What is needed → Pictures aside, copy exactly the lines running from the one with "Vincent Regani here" to the end of the records.

Data records →
________

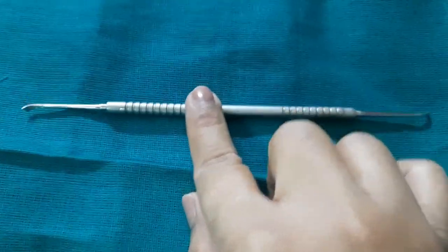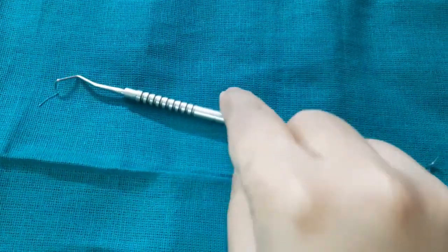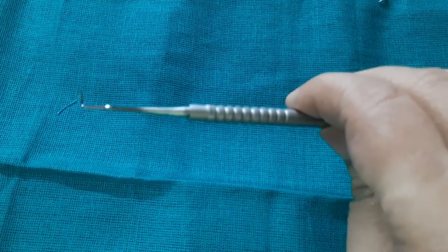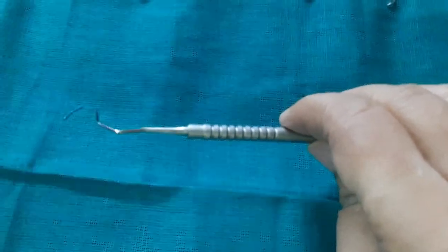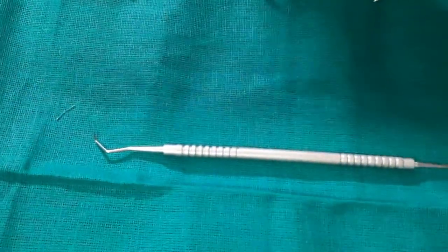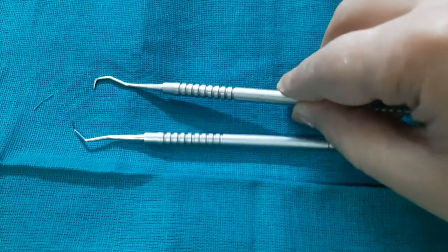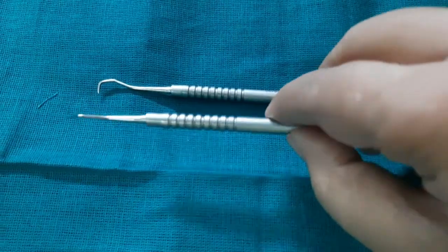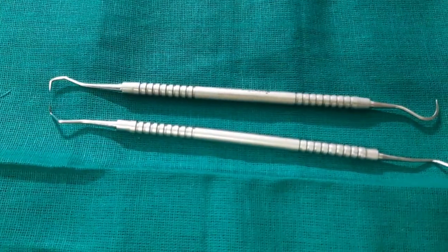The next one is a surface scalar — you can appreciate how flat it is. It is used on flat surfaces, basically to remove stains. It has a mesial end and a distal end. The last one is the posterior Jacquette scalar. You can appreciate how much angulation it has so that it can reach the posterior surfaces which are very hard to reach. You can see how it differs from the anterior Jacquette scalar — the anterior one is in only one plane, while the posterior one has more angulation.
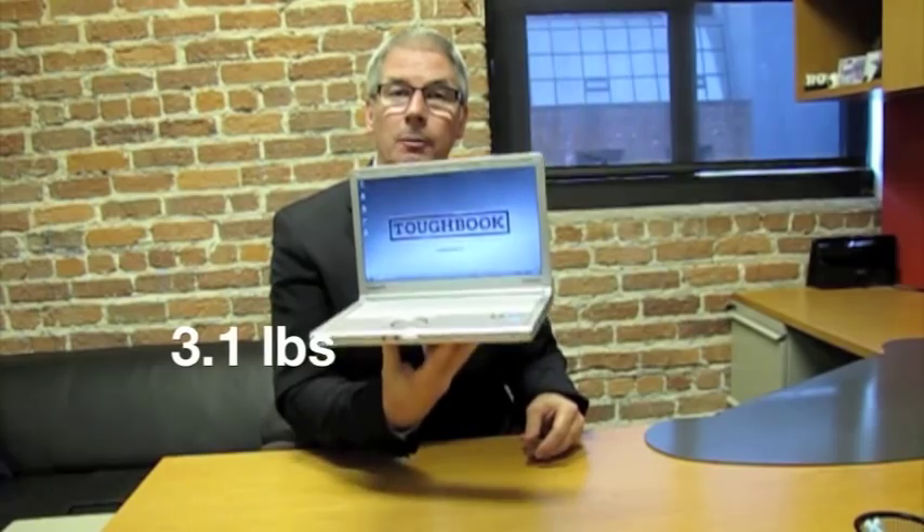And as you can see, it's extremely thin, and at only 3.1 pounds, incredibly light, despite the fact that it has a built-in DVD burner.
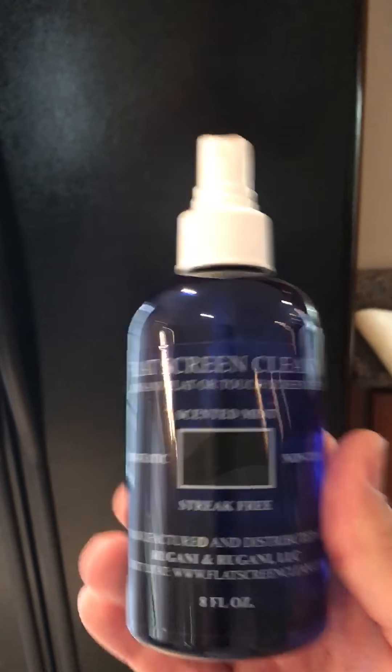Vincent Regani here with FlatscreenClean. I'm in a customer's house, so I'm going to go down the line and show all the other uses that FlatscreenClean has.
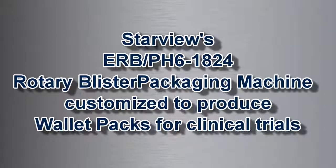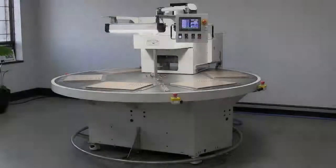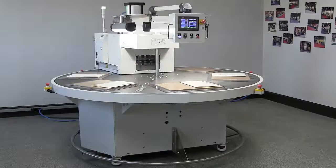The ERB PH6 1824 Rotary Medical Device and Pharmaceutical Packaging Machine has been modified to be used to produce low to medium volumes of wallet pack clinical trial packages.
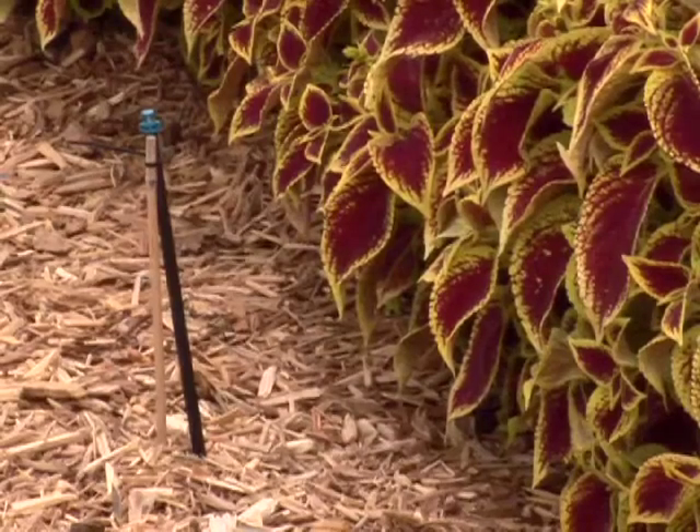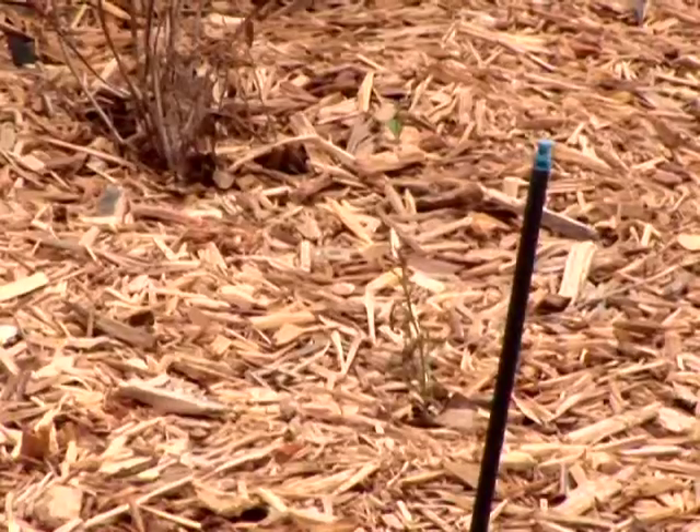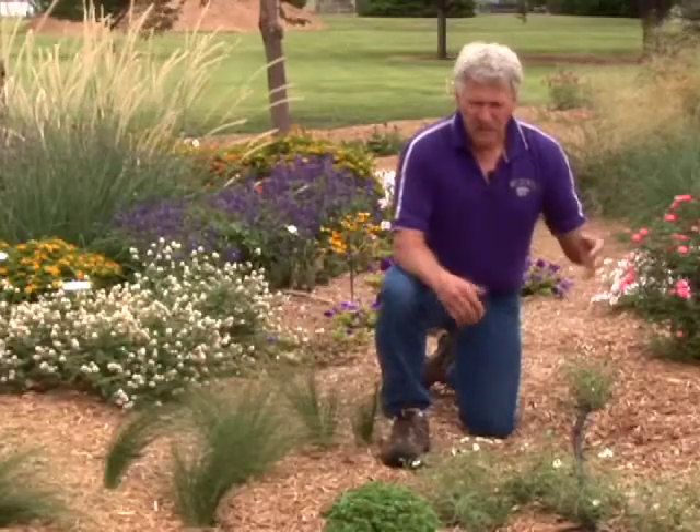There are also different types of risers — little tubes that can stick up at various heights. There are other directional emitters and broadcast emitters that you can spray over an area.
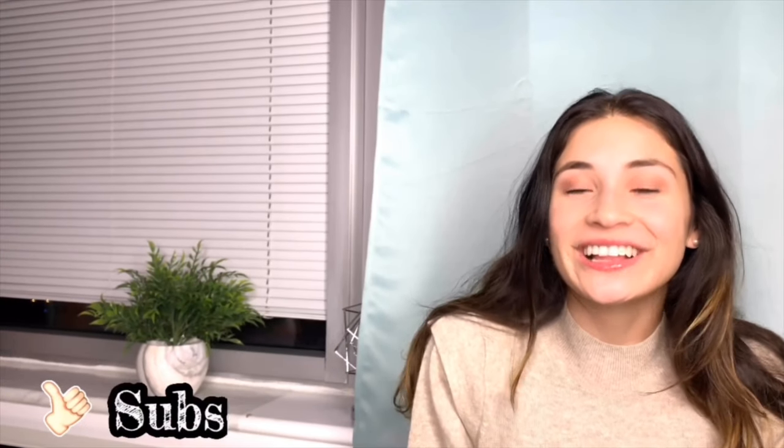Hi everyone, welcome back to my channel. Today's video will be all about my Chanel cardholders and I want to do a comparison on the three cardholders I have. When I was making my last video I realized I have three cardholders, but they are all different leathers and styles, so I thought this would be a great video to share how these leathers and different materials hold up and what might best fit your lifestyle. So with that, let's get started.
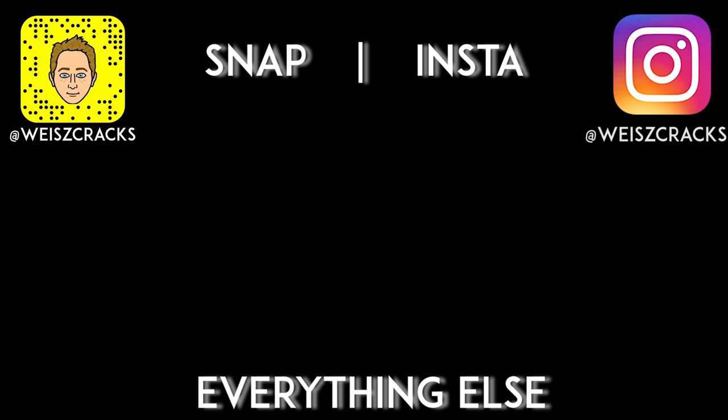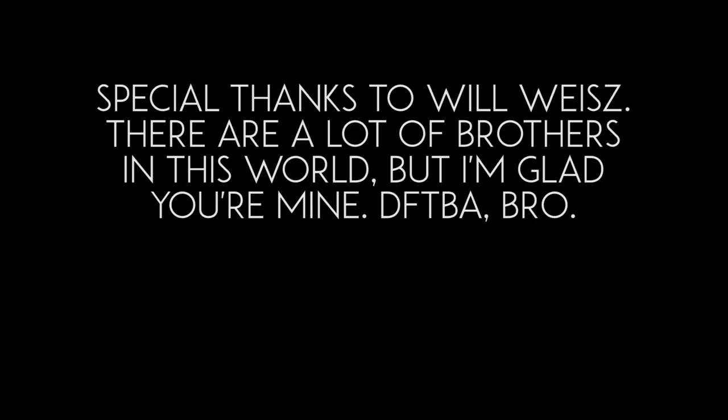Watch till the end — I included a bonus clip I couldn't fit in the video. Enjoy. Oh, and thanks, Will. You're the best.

________

Task result →
Vincent Regani here with FlatscreenClean. I'm in a customer's house, so I'm going to go down the line and show all the other uses that FlatscreenClean has.
The ERB PH6 1824 Rotary Medical Device and Pharmaceutical Packaging Machine has been modified to be used to produce low to medium volumes of wallet pack clinical trial packages.
There are also different types of risers — little tubes that can stick up at various heights. There are other directional emitters and broadcast emitters that you can spray over an area.
Hi everyone, welcome back to my channel. Today's video will be all about my Chanel cardholders and I want to do a comparison on the three cardholders I have. When I was making my last video I realized I have three cardholders, but they are all different leathers and styles, so I thought this would be a great video to share how these leathers and different materials hold up and what might best fit your lifestyle. So with that, let's get started.
Watch till the end — I included a bonus clip I couldn't fit in the video. Enjoy. Oh, and thanks, Will. You're the best.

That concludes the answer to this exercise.